Vier Tage nach der Aufstockung der Offerte auf 5,8 Milliarden Euro lenkten die Amerikaner endgültig ein. Versum-Chef Seifi Ghasemi unterzeichnete am Freitag den Übernahmevertrag, nachdem er sich wochenlang gegen den Verkauf an die Deutschen gewehrt hatte, wie die Merck KGaA am Freitag mitteilte.

Der Konzern tariert damit seine drei Sparten besser aus, zugunsten des lukrativen Geschäfts mit Display- und Halbleiter-Herstellern. Der Anteil dieses Spezialchemie-Geschäfts am Umsatz des Konzerns steigt mit der Übernahme auf 23 von 16 Prozent. "Durch diese Transaktion ist Merck optimal positioniert, um von den langfristigen Wachstumstrends in der Industrie für Elektronikmaterialien zu profitieren", sagte Merck-Chef Stefan Oschmann.

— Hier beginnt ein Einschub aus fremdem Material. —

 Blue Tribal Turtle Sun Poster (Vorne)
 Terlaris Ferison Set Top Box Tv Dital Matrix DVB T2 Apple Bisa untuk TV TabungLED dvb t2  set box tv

Nach einem Blick in die Bücher hatte Merck Anfang der Woche seine Offerte für Versum auf 53 von 48 Dollar je Aktie nach oben geschraubt. Auf dieser Basis schlug Versum-Vorstandschef Ghasemi ein, nachdem er zuvor eigentlich einen Aktientausch mit dem amerikanischen Rivalen Entegris favorisiert hatte - obwohl dieser den eigenen Aktionären zunächst weniger eingebracht hätte. Der verschmähte Fusionspartner Entegris wollte das aufgestockte Merck-Angebot nicht mehr kontern und kann sich nun über eine Entschädigung von 140 Millionen Dollar freuen. Die Merck-Aktie gab zum Wochenausklang 2,2 Prozent nach.

AUF DER ZIELGERADEN ÜBERHOLT

Die geplante Fusion von Entegris und der ehemaligen Air- Products-Sparte Versum hatte die Deutschen erst auf den Plan gerufen. Der hessische Familienkonzern wollte sich die Chance nicht entgehen lassen und grätschte mit einem nicht mit Versum abgestimmten Gegenangebot dazwischen. Zwei Treffen von Ghasemi mit Merck-Chef Oschmann in New York und München brachten den Durchbruch. Jetzt räumte auch Ghasemi ein, dass die Offerte aus Deutschland besser sei als der Zusammenschluss mit Entegris. Formal müssen die Versum-Aktionäre auf einer außerordentlichen Hauptversammlung noch zustimmen.

Das Unternehmen aus Tempe im US-Bundesstaat Arizona stellt Prozesschemikalien, Gase und Ausrüstungen für die Chipfertigung her und setzte damit im vergangenen Jahr mit 2300 Mitarbeitern 1,2 Milliarden Euro um. Die operative Umsatzrendite (Ebitda-Marge) liegt bei 33 Prozent. Das werde sich sofort positiv auf die Gewinne von Merck auswirken, hieß es in der Mitteilung. Der Konzern erhofft sich von der Übernahme zudem binnen drei Jahren Einsparungen von 75 Millionen Euro im Jahr; zunächst war von 60 Millionen die Rede gewesen. Die Integration kostet aber zunächst 125 Millionen Euro.

Merck will den Zukauf mit Krediten eines Bankenkonsortiums und später mit Anleihen finanzieren, die Verschuldung aber so rasch wieder senken, dass der Konzern sein Investment-Grade-Rating nicht riskiert.